TBH, even once recorded as a crime, if the situation is as I suspect I don't think the Police can do so much. If the tack room is not locked and secure than many people *could* have taken the saddle,  and because of that the Police have no right or grounds for going searching anywhere. 

At least with your crime number (from local North Yorks) you can put a claim to your insurance.
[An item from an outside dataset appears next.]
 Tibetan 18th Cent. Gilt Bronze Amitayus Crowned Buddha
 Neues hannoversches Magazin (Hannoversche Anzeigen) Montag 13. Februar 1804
Under insuring is another thing. They may not even pay out on the amount you are insured for, if your tack was worth more than the value insured. Because of this I would take advice as to what you make a claim for.


----------



## fatpiggy (16 March 2016)

You have my sympathy, but you ask why would anyone steal a saddle from a trunk where there were others out on racks - easy answer is because it was clear the trunk wasn't being visited by the owner.  Burglars often watch houses to see what the patterns of the inhabitants are. No car outside almost certainly means there is no-one home.  The longer a thief can get away with it before anyone notices and reports it, the better as far as they are concerned.  You have absolutely no idea even what day the saddle went, let alone what time.  They will have fenced it by now, almost certainly.  Oh and it might surprise you to know that many people are burgled by their own neighbour, or someone on the same street so I very much doubt anyone from outside stole your saddle I'm afraid. I would definitely looking at an inside job.  My saddle (and several others peoples') was stolen by a disgruntled livery who had been chucked off the yard.  His partner at the time was a dodgy horse dealer.  Very easy to dispose of stolen tack when you sell it with a horse.


----------



## teacups (16 March 2016)

Blimey, that is awful.
I would also report it to police. They may not be able to do much, but it will provide a record, and it may be that there have been previous recorded incidents. It will help the police build up a picture of what is going on, and also should your saddle be recovered they will know whose it is.

As I am looking at yards potentially in that area, would you mind pm'ing me with the yard name please? It sounds like a good one to strike off the list of must-see places.


----------